**The problem**
What you return should match every record exactly, with the images removed.

══ Provided information ══

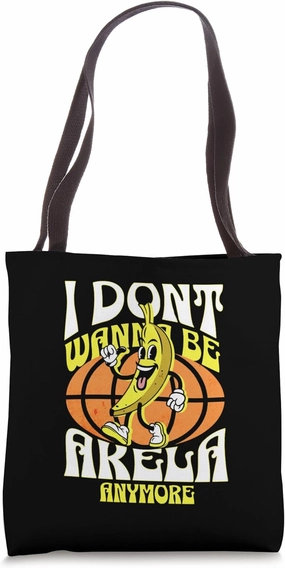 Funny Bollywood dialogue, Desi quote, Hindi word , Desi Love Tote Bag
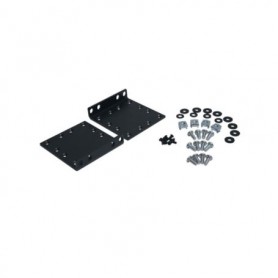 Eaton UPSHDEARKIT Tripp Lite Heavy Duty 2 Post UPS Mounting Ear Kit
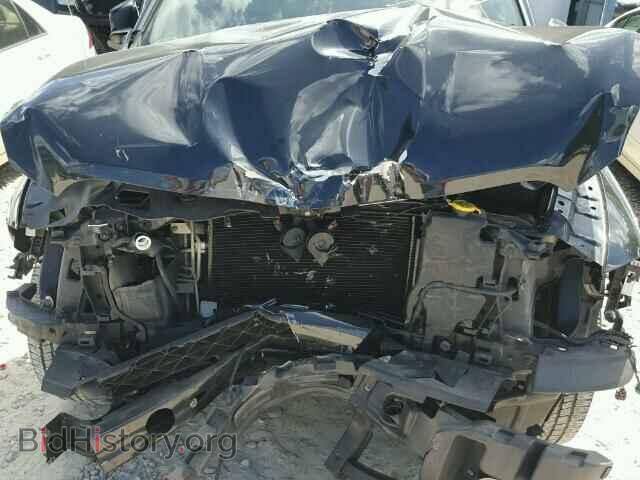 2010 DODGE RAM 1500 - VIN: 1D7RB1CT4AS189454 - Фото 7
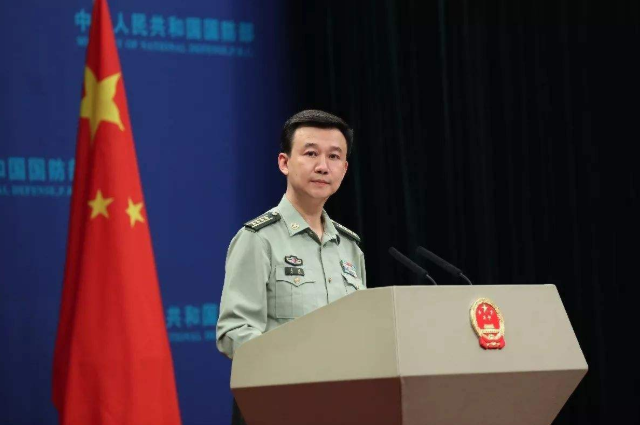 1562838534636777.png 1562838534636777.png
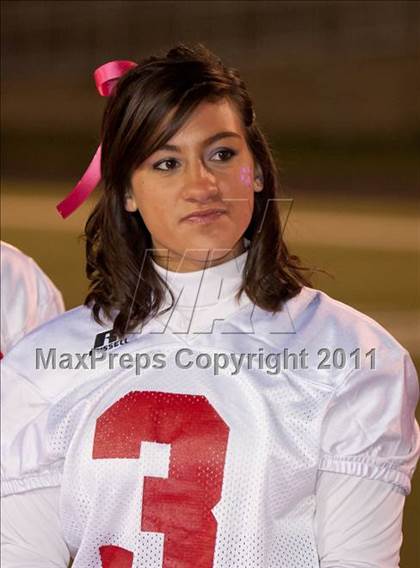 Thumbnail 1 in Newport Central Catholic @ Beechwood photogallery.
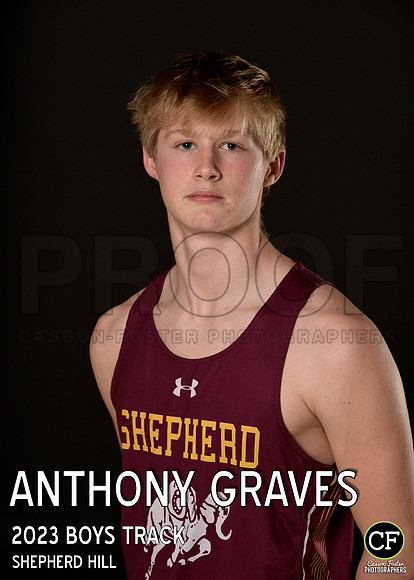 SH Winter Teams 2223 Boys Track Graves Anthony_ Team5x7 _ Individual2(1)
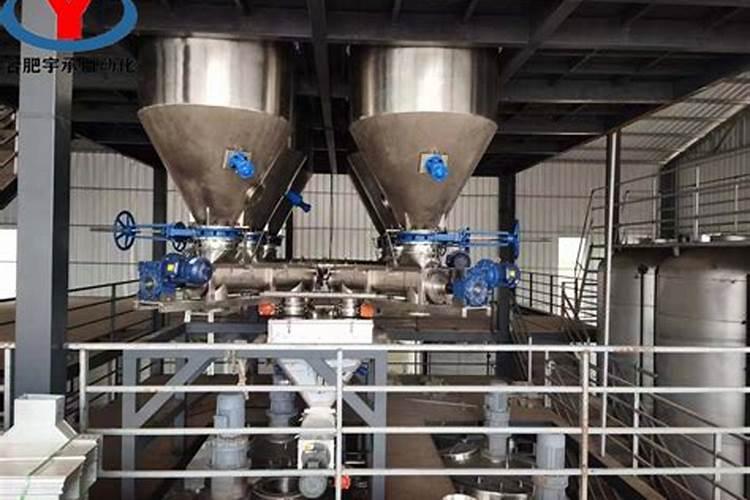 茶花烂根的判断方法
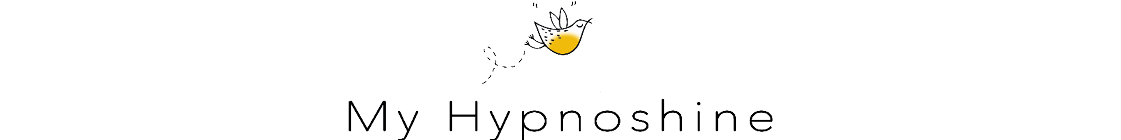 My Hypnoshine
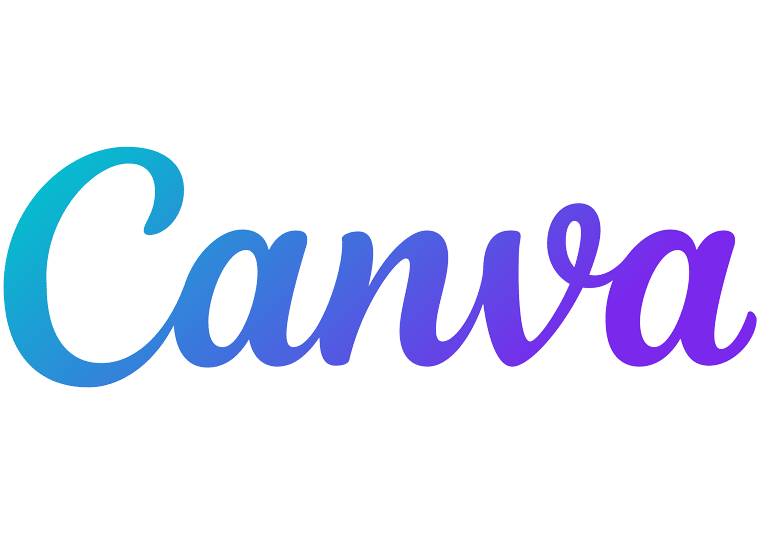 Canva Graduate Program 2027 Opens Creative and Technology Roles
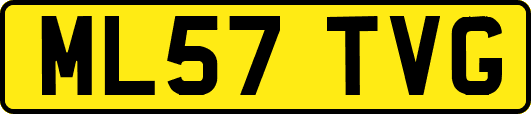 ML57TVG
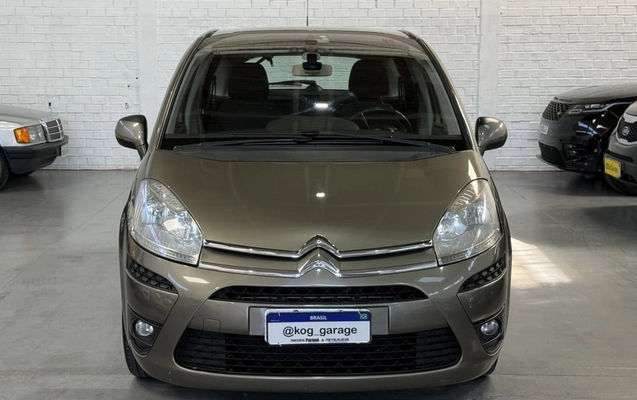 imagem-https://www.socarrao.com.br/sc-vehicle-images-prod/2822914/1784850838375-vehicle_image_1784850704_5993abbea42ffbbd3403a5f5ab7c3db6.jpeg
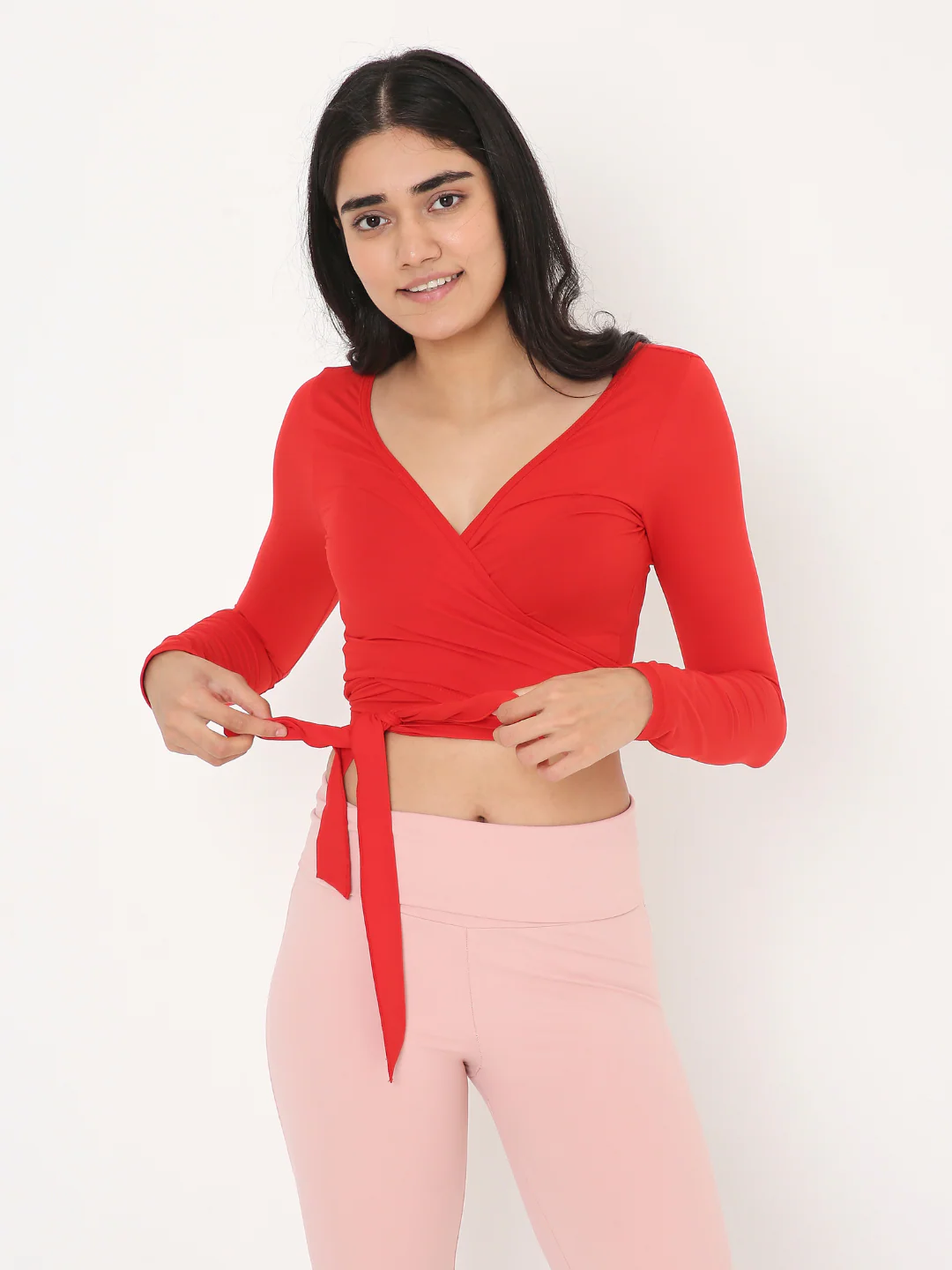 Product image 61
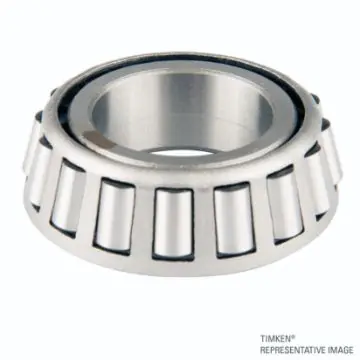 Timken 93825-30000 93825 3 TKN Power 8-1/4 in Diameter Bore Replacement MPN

═══

**Result**
 Funny Bollywood dialogue, Desi quote, Hindi word , Desi Love Tote Bag
 Eaton UPSHDEARKIT Tripp Lite Heavy Duty 2 Post UPS Mounting Ear Kit
 2010 DODGE RAM 1500 - VIN: 1D7RB1CT4AS189454 - Фото 7
 1562838534636777.png 1562838534636777.png
 Thumbnail 1 in Newport Central Catholic @ Beechwood photogallery.
 SH Winter Teams 2223 Boys Track Graves Anthony_ Team5x7 _ Individual2(1)
 茶花烂根的判断方法
 My Hypnoshine
 Canva Graduate Program 2027 Opens Creative and Technology Roles
 ML57TVG
 imagem-https://www.socarrao.com.br/sc-vehicle-images-prod/2822914/1784850838375-vehicle_image_1784850704_5993abbea42ffbbd3403a5f5ab7c3db6.jpeg
 Product image 61
 Timken 93825-30000 93825 3 TKN Power 8-1/4 in Diameter Bore Replacement MPN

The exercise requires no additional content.